12 de febrero 2008 - 00:00

Por qué perdió el plebiscito

El periodista venezolano Alfredo Maldonado, observador que se presume neutral sobre el gobierno de Hugo Chávez, opinó que el presidente de su país pudo ganar el plebiscito constitucional si hubiera planteado una consulta artículo por artículo.
El periodista venezolano Alfredo Maldonado, observador que se presume neutral sobre el gobierno de Hugo Chávez, opinó que el presidente de su país pudo ganar el plebiscito constitucional si hubiera planteado una consulta artículo por artículo.
Caracas - En Venezuela no existe el término medio. Todo se mide contrastando opuestos: ricos y pobres, mar y montaña, selva y llanos. Y chavistas o antichavistas. En un país que se ha caracterizado por estar políticamente polarizado desde siempre, pocos pueden mantener la sangre fría y ser asépticos al momento de hacer un análisis de Hugo Chávez Frías y sus nueve años en el poder. En esta entrevista con Ambito Financiero, el periodista y publicista venezolano Alfredo Maldonado, que no es precisamente un chavista, logra depurar, y sin que medren las pasiones, lo que significa el fenómeno Chávez.

Periodista: ¿Por qué Chávez pierde el plebiscito del 2 de diciembre pasado?

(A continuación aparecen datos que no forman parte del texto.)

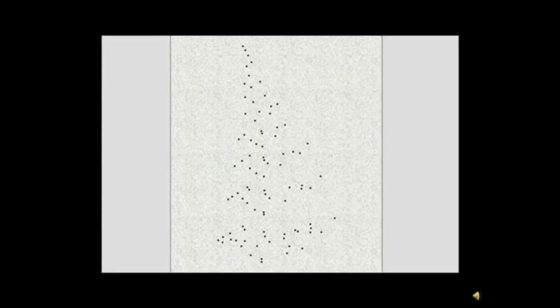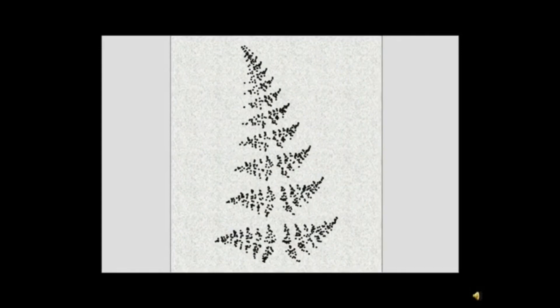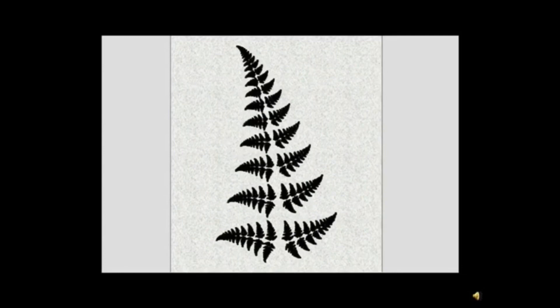As we increase the number of iterations, some type of pattern begins to appear. After a couple thousand iterations, a definite form is taking shape. After several thousand iterations, what appears as a fern leaf is clearly visible.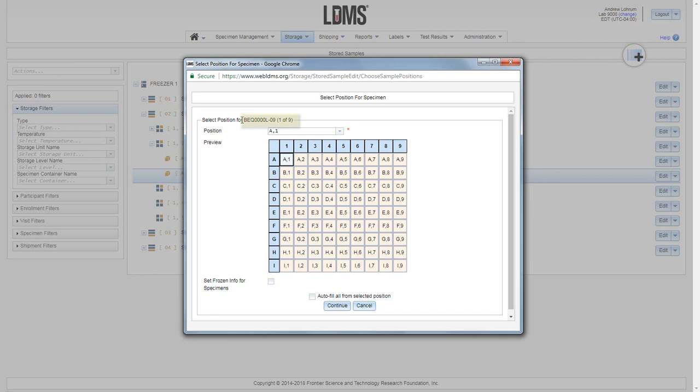At the top we see our global specimen ID and the number of that specimen in the queue. We have 9 total specimens selected. The first available position is selected for us in blue. You can always override that by choosing a new position. If you check the set frozen info for the specimens, they will be assigned a frozen date and time as you assign the position.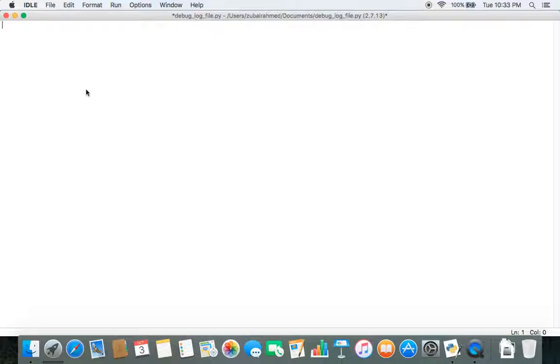You don't want your program to just crash with a bunch of error messages. What you want is a graceful exit — you want to tell yourself or others that the code was unable to run a request and explain why. To do this, we will be using a module called logging. So let's import it first: import logging.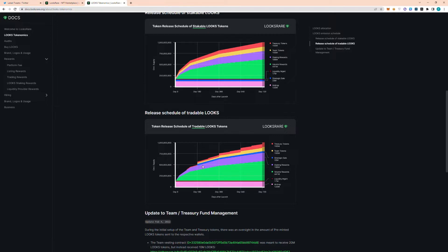And I think at this point, given the Looksrare token decline, I think that it's probably pretty minuscule for how much those tokens are worth. It's only 33 million, and at the current Looksrare price, that's not as much as it used to be at its peak.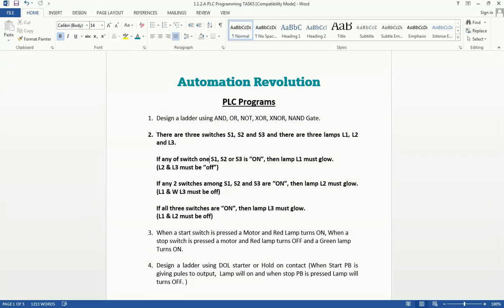Hello friends, welcome back to the Automation Revolution. In our previous videos on PLC programming, we have seen basic instructions, advanced instructions, timers, and counters — mostly all instructions on the Automation Revolution channel. From this video, we will start another important series for PLC programming, where we will develop different logics based on the instructions we have learned. You can see here we have a list for PLC programs, and we will start from the second program.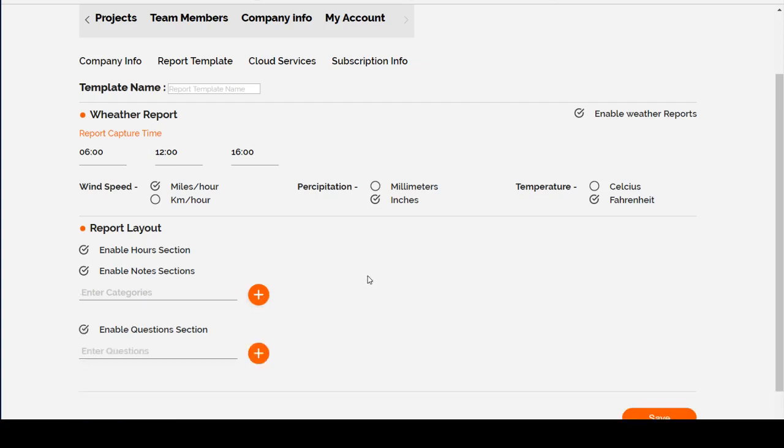The Questions section will allow you to enter any questions that you want, as many questions as you want, that will show up on the report. The user can answer with a yes or a no, as well as entering any text that they would like into that answer.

Alfredo Maldonado: Hugo Chávez -y él, no el chavismo- ganó una tras otra todas las elecciones que se han producido hasta ahora, y han sido diez, si no recuerdo mal. ¿Por qué pierde la consulta popular del 2D? Primero, porque lo que estaba en juego no era Chávez, sino una reforma constitucional. Esto permitió que aquellos seguidores suyos en desacuerdo con la propuesta votaran en contra sin tener el cargo de conciencia de que estaban descabezando a su líder. Segundo, porque esa propuesta fue tonta: no nació del análisis de lo que el pueblo quería, sino de necesidades personales de Chávez, como el derecho a reelección presidencial indefinida, algo que -se demostró una vez más- repugna a la mayoría de los venezolanos, chavistas incluidos.

P.: De no haberse incluido lo de la reelección, ¿cree que Chávez volvía a ganar?

A.M.: Una consulta artículo por artículo hubiera dejado mejores resultados de imagen de popularidad, porque muy posiblemente hubiese ganado el Sí en casi todos los artículos excepto en el de la reelección indefinida. Cometió el error de que la propuesta de reforma se votara en bloque -sólo a última hora aceptó que se votara en dos bloques-. Pero además la oposición puso en marcha una idea inteligente -sorprendente en ellos- de ir explicando al pueblo, a través de los medios y de actuaciones personales, cada una de las reformas propuestas a lo largo de dos meses. Así el electorado no fue abrumado por un extenso documento, sino que entendió cada una de sus partes detalladamente.

P.: ¿Entonces, puede decirse que el 2D marca el principio del cambio político en Venezuela?

A.M.: Sólo en el sentido de que en diciembre de 2007 no subió la votación de la oposición, sino que se redujo la votación chavista. Esa decisión de abstenerse, y el regreso de la votación oposicionista casi en pleno a las mesas electorales después de la absurda abstención de las elecciones parlamentarias de 2006, muestra un desbalance que, por primera vez, es desfavorable a Chávez.

Obviamente Chávez ha perdido emoción y esperanzas en el pueblo, en los sectores populares -en la clase media hace tiempo que las perdió-. Hasta diciembre pasado, más de 50% de la población electoral simplemente daba un voto de confianza a Chávez sin hacerse mayores preguntas. Esta vez los electores analizaron antes de tomar su decisión de voto, y al analizar vieron lo que les gustaba, pero también lo que les disgustaba, y lo que les disgustaba era mucho más importante que lo que les gustaba o no les importaba.

P.: Hoy, Venezuela tiene problemas de inflación y desabastecimiento, además de ineficiencia en los planes sociales, ¿cuál es el mayor pecado de Chávez?

A.M.: Una de las fallas más grandes es que como sólo los medios de comunicación opositores informan sobre los problemas, Chávez los rechaza y los tilda de vasallos del imperialismo norteamericano y de golpistas y hasta de traidores. Los dirigentes chavistas no se atreven a decirle verdades para no ser tachados de traidores ni de golpistas ni de vasallos del imperialismo, para no ser rechazados. El mayor pecado, como tú dices, es que alrededor de Chávez se ha ido fortaleciendo un vacío absoluto en el cual no hay sonido alguno, excepto su voz.